One of the biggest divides our group had experienced was in the choice of using programming languages, as many of us were more comfortable with either R or Python. These programming languages have their own extensive software libraries, like the tidyverse vs. the numpy/pandas/matplotlib stack. There are also many different software environments to choose from at various layers of the stack, from development environments like Jupyter notebooks versus RStudio and RMarkdown to the many options for package and dependency management. While most of the people in the room were committed to open source languages and environments, many people are trained to use proprietary software like MATLAB or SPSS, which raises an additional challenge in teams and groups.
Another major issue is where the actual computing and data storage will take place. Members of a team often come in knowing how to run code on their own laptops, but there are many options for groups to work, including a lab’s own shared physical server, campus clusters, national grid/supercomputer infrastructures, corporate cloud services, and more.
Workflow and pipeline management
Getting everyone to use an interoperable software and hardware environment is as much of a social challenge as it is a technical one, and we had a great discussion about whether a group leader should (or could) require members to use the same language, environment, or infrastructure. One of the technical solutions to this issue --- working in staged data analysis pipelines --- comes with its own set of challenges. With staged pipelines, data processing and analysis tasks are separated into modular tasks that an individual can solve in their own way, then output their work to a standardized file for the next stage of the pipeline to take as input.

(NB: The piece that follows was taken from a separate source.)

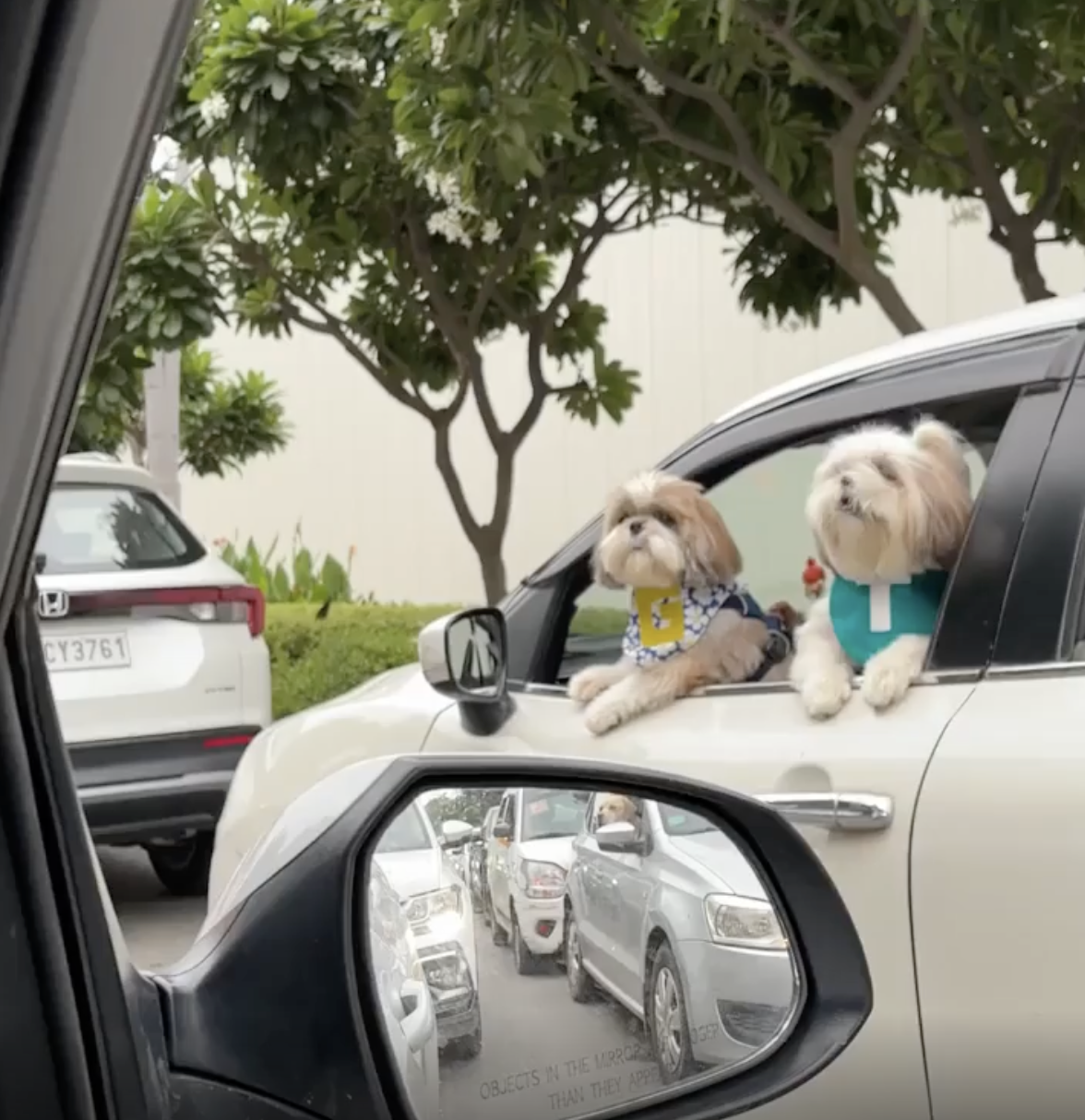 TRENDING NOW: Dogs chatting during a traffic jam | iNFOnews.ca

The ideal end goal is often imagined to be a fully-automated (or ‘one click’) data processing and analysis pipeline, but this is difficult to achieve and maintain in practice. Several people in our group said they personally spend substantial amounts of time setting up these pipelines and making sure that each person’s piece works with everyone else’s. Even with groups that had formalized detailed data management plans, a common theme was that someone had to constantly make sure that team members were actually following these standards so that the pipeline keep running.
External handoffs to and from the team
Many of the research projects we discussed involved not only handoffs between members of the team, but also handoffs between the team and external groups. The “raw” data a team begins with is often the final output of another research team, government agency, or company. In these cases, our group discussed issues that ranged from technical to social, from data formats that are technically difficult to integrate at scale (like Excel spreadsheets) to not having adequate documentation to be able to interpret what the data actually means. Similarly, teams often must deliver data to external partners, who may have very different needs, expectations, and standards than the team has for itself. Finally, some teams have sensitive data privacy issues and requirements, which makes collaboration even more difficult. How can these external relationships be managed in mutually beneficial ways?

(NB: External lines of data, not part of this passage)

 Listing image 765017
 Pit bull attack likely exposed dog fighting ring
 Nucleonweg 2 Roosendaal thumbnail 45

Team management challenges
Beyond technical challenges, a number of management issues face research groups aspiring to implement best practices for data-intensive research. Our discussion highlighted the difficulties of composing a well-balanced team, of dealing with fluid membership, and of fostering generative coordination and communication among group members.
Composing a well-balanced team
Data-intensive research groups require a team with varied expertise. A consequence of varied expertise is varied capabilities and end goals, so project leads must devote attention to managing team composition. Whereas one or two members might be capable of carrying out tasks across the various stages of research, others might specialize in a particular area. How then can research groups ensure that no one member of the team departing would collapse the project and that the team holds the necessary expertise to accomplish the shared research goal? Furthermore, some members may participate simply to acquire skills, while others seek to establish or build an academic track record. How might groups achieve alignment between personal and team goals?

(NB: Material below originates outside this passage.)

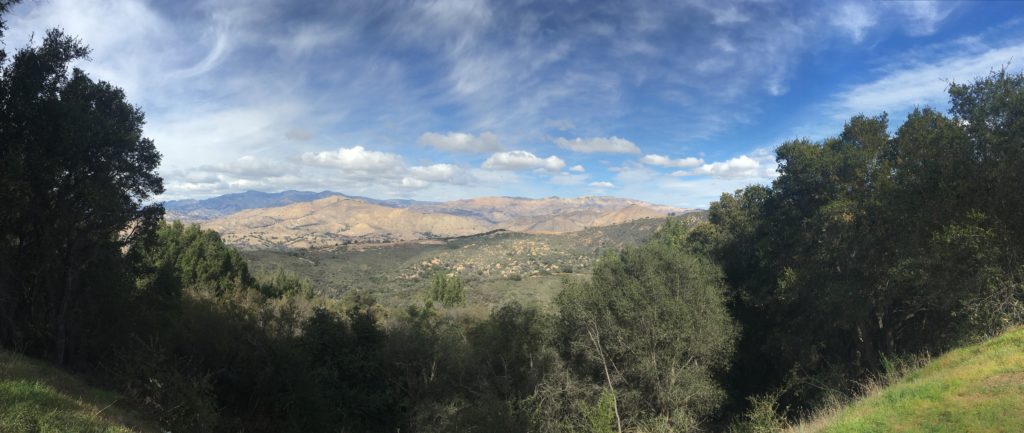 Road trip panorama 1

Dealing with voluntary and fluid membership
A practical management problem also relates to the quasi-voluntary and fluid nature of research groups. Research groups largely rely extensively on students and postdocs, with an expectation that they join the team temporarily to gain new skills and experience, then leave. Turnover becomes a problem when processes, practices, and tacit institutional knowledge are difficult to standardize or document. What strategies might project leads employ to alleviate the difficulties associated with voluntary, fluid membership?
Fostering coordination and communication
The issues of team composition and voluntary or fluid membership raise a third challenge: fostering open communication among group members. Previous research and guidelines for managing teams (Edmondson, 1999; Google re:Work, 2017) emphasize the vital role of psychological safety in ensuring that team members share knowledge and collaborate effectively. Adequate psychological safety ensures that team members are comfortable speaking up about their ideas and welcoming of others’ feedback. Yet fostering psychological safety is a difficult task when research groups comprise members with various levels of expertise, career experience, and, increasingly, communities of practice (as in the case of data scientists working with domain experts). How can projects establish avenues for open communication between diverse members?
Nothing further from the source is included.